Prostate specimens were collected from fifty-three patients undergoing Robot Assisted Radical Prostatectomy (RARP) for biopsy-confirmed PCa from February 2021 to February 2022. Thirteen of fifty-three prostate specimens had scanned and annotated histopathology slides and mpMRI scans; three were excluded for a history of androgen deprivation therapy or radiation. Of the remaining ten, the median age at surgery was 60 years [IQR 58.3-67.5] and median PSA was 6.85 ng/mL [IQR 5.78-8.73]. Six patients had Gleason Grade Group (GG) two cancer on RARP, one had GG 3, two had GG 4, and 1 had GG 5.

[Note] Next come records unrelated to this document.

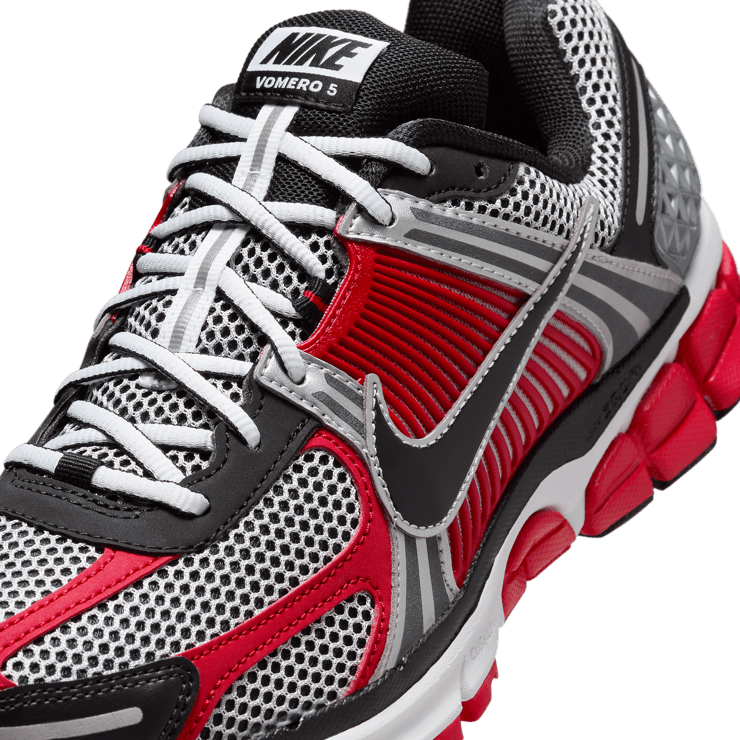 Nike Zoom Vomero 5 Metallic Silver University Red Angle 4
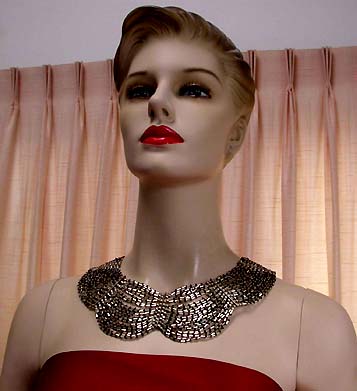 a beautiful vintage costume jewelry necklace unsigned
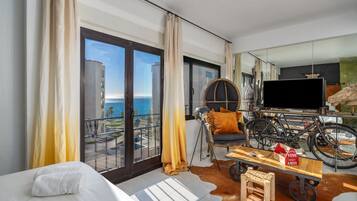 1 slaapkamer, een strijkplank/strijkijzer, reisbedje, internet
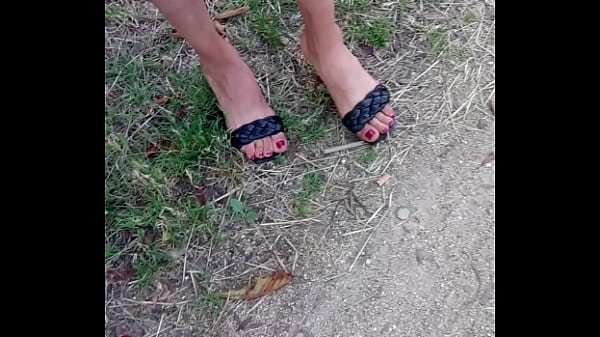 Nyonya Arab Matang Dengan Jari Kaki Dan Tumit Seksi Yang Menggoda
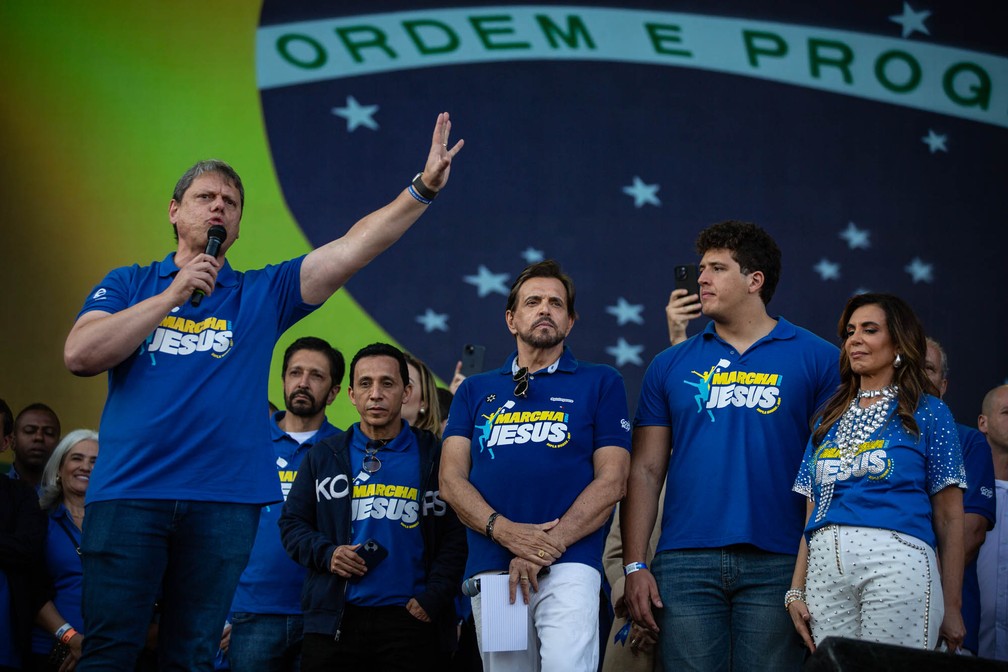 O governador Tarcísio de Freitas (Republicanos) discursa ao lado do pastor apóstolo Estevam Hernandes, da bispa Sônia Hernandes e do neto deles, David Hernandes, no palco da Marcha para Jesus na Praça Heróis da FEB, na Zona Norte de São Paulo — Foto: Fábio Tito/g1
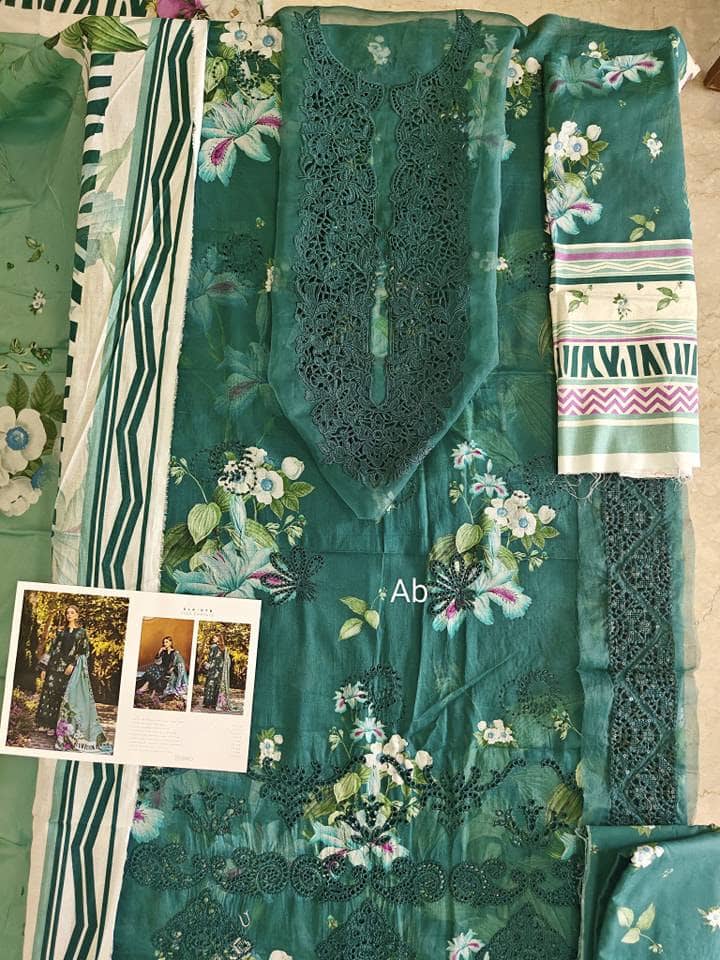 img_elaf_chikankri_lawn_awwal_boutique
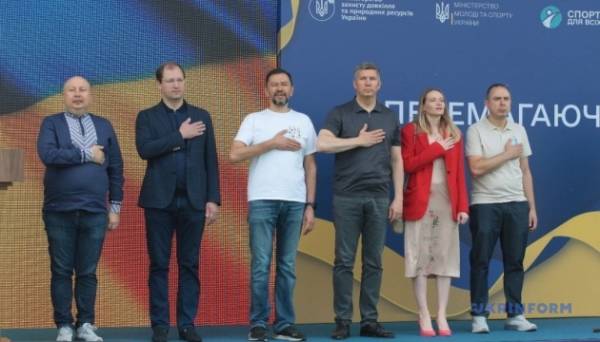 На Київщині офіційно відкрили державний парк-пам’ятку «Межигір’я» - INFBusiness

“These results demonstrate the clinical value of QT’s low frequency transmitted sound volography as a high-resolution imaging modality. We are encouraged by the continued high performance of QT imaging, especially in general anatomic and body imaging,” said John Klock, MD, CEO and CMO at QT Imaging.

These results were reported at three scientific meetings:
• American Urological Association meeting Sept. 2021
• Engineering and Urology Society 35th Annual Meeting, “2022 Best Abstract Award”, J. Enders
• SPIE Medical Imaging, Feb. 2022

About QT Imaging, Inc.
QT Imaging™ is a privately held company engaged in the research, development, and commercialization of an innovative automated imaging system producing high-resolution transmission ultrasound images. The company has received FDA 510(K) clearance for its QT Imaging Breast Scanner, and the National Institutes of Health (NIH) has awarded over $15 million in funding to support QT Imaging research. The company’s clinical trials have been conducted at prestigious institutions in the US and Europe.

The QT Imaging Breast Scanner is indicated for use as an ultrasonic imaging system to provide reflection-mode and transmission-mode images of a patient’s breast. The device is not intended to be used as a replacement for screening mammography.